Ecosyste.ms: Awesome

An open API service indexing awesome lists of open source software.

Awesome Lists | Featured Topics | Projects

https://github.com/antaripchatterjee/cencode

A simple C11 library to encode the C wide character string
https://github.com/antaripchatterjee/cencode

Last synced: about 2 months ago
JSON representation

A simple C11 library to encode the C wide character string

Awesome Lists containing this project

README

        

# CENCODE

This is a c library which encodes C string into various formats, however till now, only UTF-8 encoding-decoding has been implemented.

## Version

Current version is `0.0.4 ALPHA`.

## Platforms

It is a cross platform C11 library which has been built and run successfully in `Windows 10` and `Ubuntu Linux`. Please raise concern in case of any issues.

## Installation

You can clone the repository and simply use `make` to build the library.

```bash
git clone https://github.com/antaripchatterjee/CEncode.git
cd CEncode
make
```

The above commands will only build the debug version of the library, and it will also build an executable to test it's functionalities.

Use the below command to test them.

```bash
./test_utf8
```

Incase of any failed test case, please raise a concern.

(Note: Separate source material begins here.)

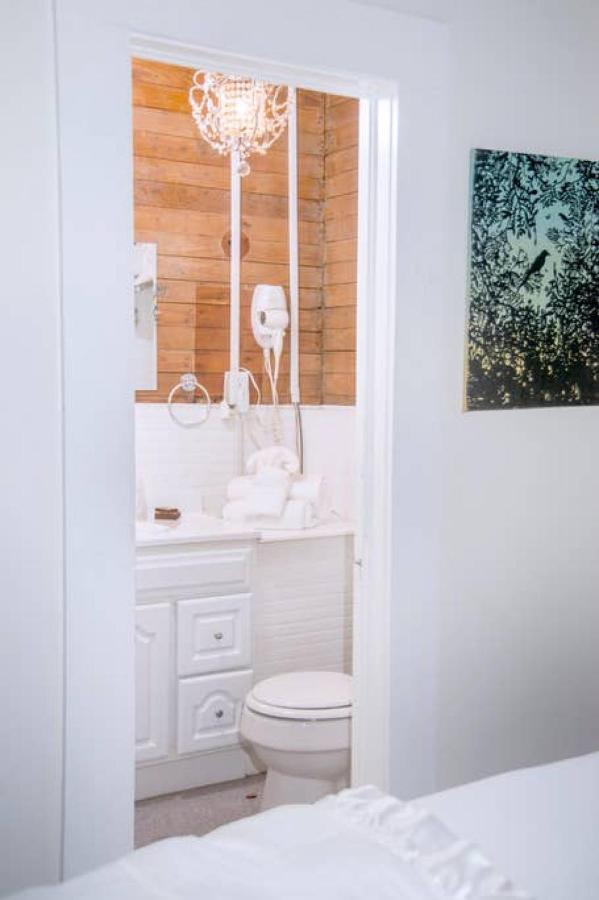 Dragonfly Cottage 1 Of 5 Listings Downtown アルパイン エクステリア 写真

If everything is fine, just execute the below command to build the stable static libraries.

```bash
make install
```

Use below command to clear all the builds and objects.

```bash
make clear
```

## API Usage

To encode your string into UTF-8 format, add the library and header files into your project and then you must include `utf8.h` header in your source code. It contains minimal number of C functions which let us encode the string data.

```C
#include
...
```

### Type definitions

#### utf_method

The below `enum` are some methods which are used to identify the encoding or decoing operation.

```C
enum __utf_method {
UNKNOWN, // Unknown method
ENC_UTF_8, // Encoded to UTF-8 text
DEC_UTF_8 // Decoded from UTF-8 text
};

typedef enum __utf_method utf_method; // Type definition of __utf_method
```

#### utf_t

The C structure `utf_t` is used as the return type of the function `utf8_encode` and `utf8_decode` function.

```C
struct __utf_t {
wchar_t *w_str; // Holds the actual encoded or decoded text
size_t w_size; // Can be used to get the lenght of the property w_str
utf_method (*method)(); // Can be used to check if the property w_str is UTF-8 encoded or decoded string.
};

typedef struct __utf_t utf_t; // Type definition for __utf_t
```

### Functions

#### utf8_encode

C function `utf8_encode` can be used to encode a text into UTF-8 format. The function signature is as below.

```C
extern utf_t* utf8_encode(const wchar_t*, size_t);
```

It takes two arguments, the first argument is the pointer of `wchar_t` and the second argument is the size of the input string, but if we keep it as `0`, then the function will recalculate the size of the input string.

#### utf8_decode

C function `utf8_decode` can be used to decode an encoded text into UTF-8 format. The function signature is as below.

```C
extern utf_t* utf8_decode(const wchar_t*, size_t);
```

It also takes two arguments, the first argument is the pointer of `wchar_t` which indeed an encoded text, and the second argument is the size of the encoded string, but if we keep it as `0`, then the function will recalculate the size of the encoded string.

#### copy_as_ustring

This C function is used to convert a pointer of `wchar_t` to the pointer of `unsigned char`.

```C
extern int copy_as_ustring(const wchar_t*, unsigned char*, size_t);
```

#### copy_as_wstring

This C function does a opposite job that the C function `copy_as_u_string`.

```C
extern int copy_as_wstring(const unsigned char*, wchar_t*, size_t);
```

>P.S: For both of the above functions, always add +1 to the length of the input string and pass it as a third argument.

#### stringify_utf_method

This function stringify the encoding or decoding method.

```C
extern const char* stringify_utf_method(utf_method);
```

As of now, the methods can be one of the below.
* "UNKNOW"
* "ENC_UTF_8"
* "DEC_UTF_8"

#### utf_free

This C function free the allocated memory of a valid pointer of `utf_t`. Signature is given below.

```C
extern void utf_free(utf_t*);
```

### Macros

#### ucslen

This C macro takes a valid pointer of `unsigned char` to calculate it's length.

```C
#define ucslen(__ucs) strlen((const char*) __ucs)
```

## License

This C library comes with [MIT]((https://github.com/antaripchatterjee/CEncode/LICENSE)) License.

## Development

Some major and minor changes will be applied in the future versions, however this library can be used safely.